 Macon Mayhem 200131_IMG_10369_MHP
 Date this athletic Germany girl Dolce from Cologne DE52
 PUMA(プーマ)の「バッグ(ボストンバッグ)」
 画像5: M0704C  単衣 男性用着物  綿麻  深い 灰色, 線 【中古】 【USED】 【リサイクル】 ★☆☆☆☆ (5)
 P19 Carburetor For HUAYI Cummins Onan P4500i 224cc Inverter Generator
========
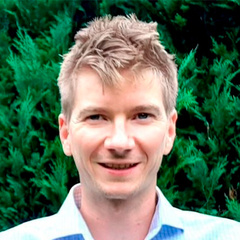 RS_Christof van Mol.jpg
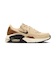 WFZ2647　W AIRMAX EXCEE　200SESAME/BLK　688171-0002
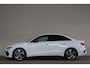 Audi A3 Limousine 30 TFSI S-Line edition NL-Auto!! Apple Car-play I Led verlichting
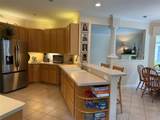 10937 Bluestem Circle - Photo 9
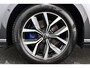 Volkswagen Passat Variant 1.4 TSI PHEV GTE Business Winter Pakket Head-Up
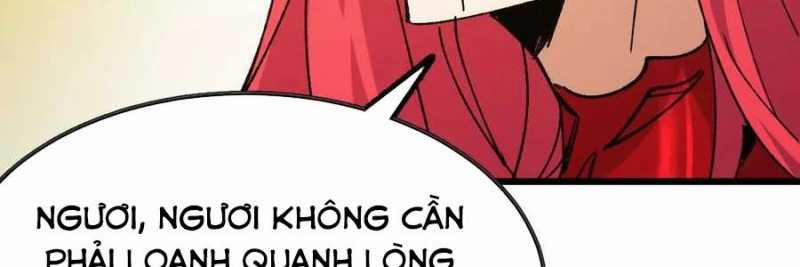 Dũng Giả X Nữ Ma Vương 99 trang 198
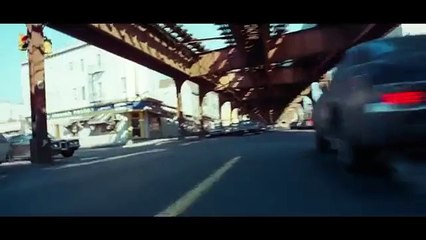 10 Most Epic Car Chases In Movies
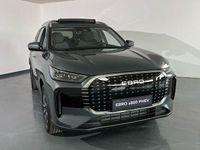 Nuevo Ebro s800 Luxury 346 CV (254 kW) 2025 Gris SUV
========
# [What is needed]
Starting with the line above that holds "Date this athletic" and stopping with the line that holds "P19 Carburetor For", reproduce each line exactly, omitting all other lines.

# [Written response]
 Date this athletic Germany girl Dolce from Cologne DE52
 PUMA(プーマ)の「バッグ(ボストンバッグ)」
 画像5: M0704C  単衣 男性用着物  綿麻  深い 灰色, 線 【中古】 【USED】 【リサイクル】 ★☆☆☆☆ (5)
 P19 Carburetor For HUAYI Cummins Onan P4500i 224cc Inverter Generator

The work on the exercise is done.